Figure 1. (a) Schematic of single junction organic photovoltaic (OPV) devices, showing the bulk heterojunction (BHJ; in red), and the multiple interfacial layers in the device. (b) Schematic of BHJ morphology: in this case, a low band gap polymer donor and a fullerene acceptor undergoing nanoscale phase segregation into discrete nanoscale domains of donor and acceptor. The use of an additive is often purported to assist in nanodomain formation, as shown here. Taken from [ACS Nano 2018, 12, 7434−7444]





## The task

The task is to optimise the construction of this type of solar cell. Donor weight percentage is a measure of the ratio of donor to acceptor in the heterojunction.  Total solution concentration is the concentration of the spin-coating solution. Bulk heterojunction spin-case speed is a measure of how fast you spin the device when coating it with the bulk heterojunction mixture. Processing additive is the amount of additive (diiodooctane) added to the mixture. The thickness of a spun film is determined by the spin speed, solvent vapour pressure and solution viscosity, as both the donor weight percentage and total solution concentration can affect viscosity, the first three factors can all affect the thickness of the final BHJ layer. The additive (diiodooctane) increases the drying time for the film, helping to separate the hetereojunction out into nanodomains of donor and acceptor rich areas. 


**Factors selected:**

| Name  |   Factors                         |Factor range   | No. of levels  |
|-------|-----------------------------------|---------------|----------------|
| Donor | Donor weight percentage          | 10-55 (wt %)         | 4       |
| Conc. | Total solution concentration     | 10-25 (mg/mL)        | 4       |
| Spin  | Bulk heterojunction spin-case speed | 600 - 3000  (rpm) | 4       |
| Add.  | Processing additive              |  0-12 (vol %)        | 4       | 

We shall use the shortened names from the table above. 

**Files: **

1. `solar_cells_1.csv` results from the first experiment, fractional factorial, 4 factors and 4 levels, here we have 16 experiments, one failed to solidify. 
2. `'solar_cells_2.csv'` has results from the second experiment, a fractional factorial, 3 factors and 3 levels.
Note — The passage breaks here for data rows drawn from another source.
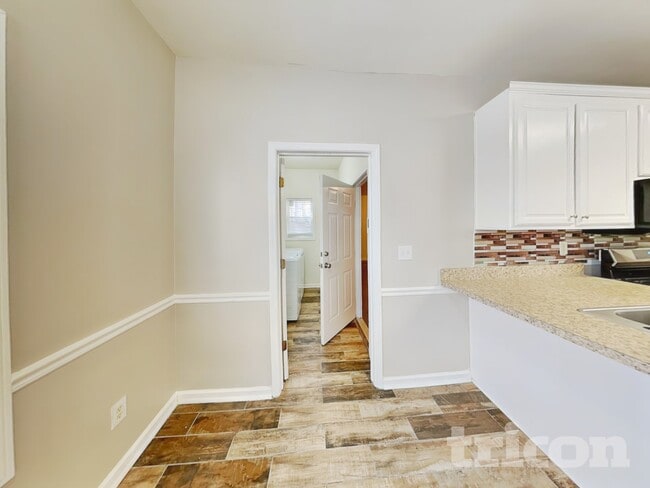 Building Photo - 12264 Crestwood Ct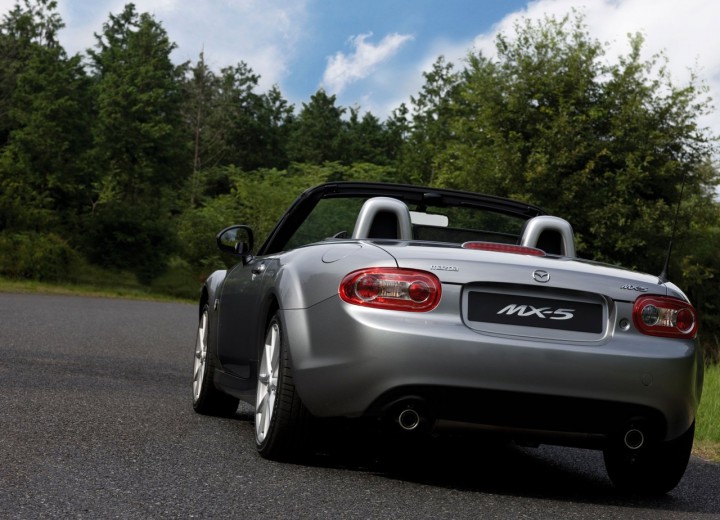 Technische Daten und Spezifikationen für Mazda Mx-5 III Restyling - picture 5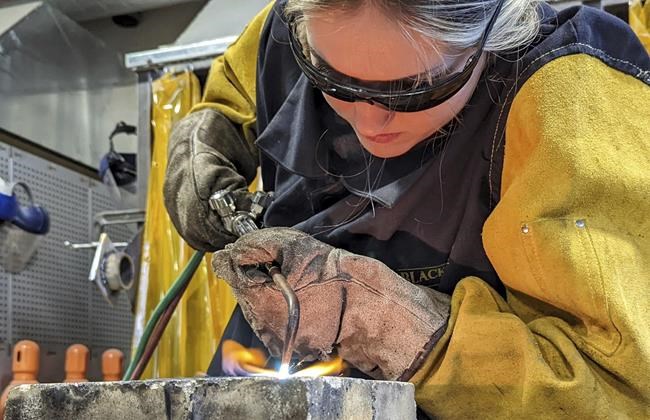 US manufacturing activity slows to 11-month low in December | iNFOnews.ca US manufacturing activity slows to 11-month low in December | iNFOnews.ca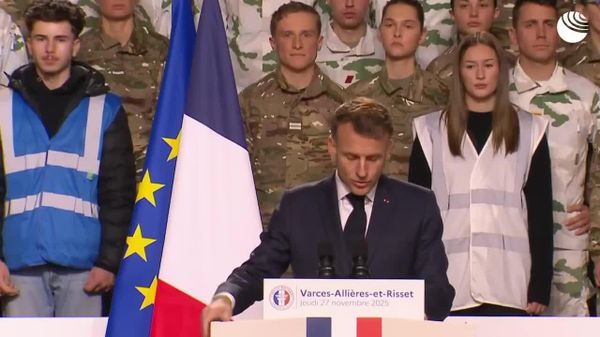 ‼ Французский военный ушёл со сцены во время выступления Макрона, когда тот говорил о необходимости усиления армии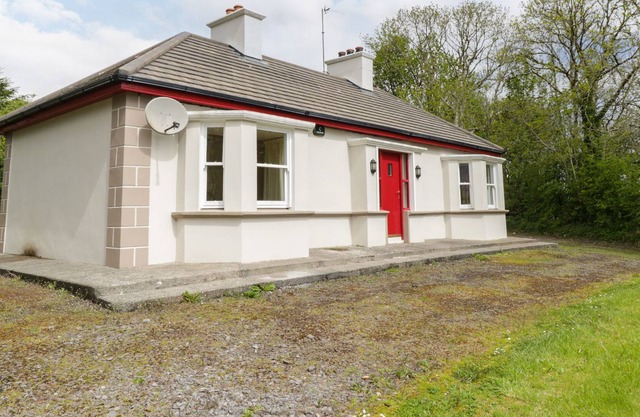 HOWLEY COTTAGE, pet friendly in Crossmolina, County Mayo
This covers a smaller range. 

The data is taken from: 
"How To Optimize Materials and Devices via Design of Experiments and Machine Learning: Demonstration Using Organic Photovoltaics", Bing Cao, Lawrence A. Adutwum, Anton O. Oliynyk, Erik J. Luber, Brian C. Olsen, Arthur Mar, and Jillian M. Buriak, ACS Nano 2018, 12, 7434−7444

### Importing packages

In [None]:
# for dataframes
import pandas as pd

# for pictures
import matplotlib.pyplot as plt

# for maths
import numpy as np

import doenut

# set the log level
import logging
doenut.set_log_level(logging.WARNING)

### Read in the first experiment's data

In [None]:
df = pd.read_csv("data/solar_cells_1.csv")
df

### Set up input and response dataframes

We must drop the last experiment, as these devices didn't set.

In [None]:
inputs = pd.DataFrame(
    {
        "Donor %": [float(x) for x in df.iloc[1:-1, 1]],
        "Conc.": [float(x) for x in df.iloc[1:-1, 2]],
        "Spin": [float(x) for x in df.iloc[1:-1, 3]],
        "Add.": [float(x) for x in df.iloc[1:-1, 4]],
    }
)
inputs

In [None]:
responses = pd.DataFrame({"PCE": [float(x) for x in df["PCE"][1:-1]]})
responses

## Task 1. Create a linear (main factors only) model

Create a linear model, i.e. a model that has just the main effects (also known as a first order model or main effects model) Fit your linear model to the first experiment’s data and calculate R2 and Q2 for your fitted model. Then answer the questions.

In [None]:
# First create a dataset object linking the inputs and responses.
data_set = doenut.data.ModifiableDataSet(inputs, responses)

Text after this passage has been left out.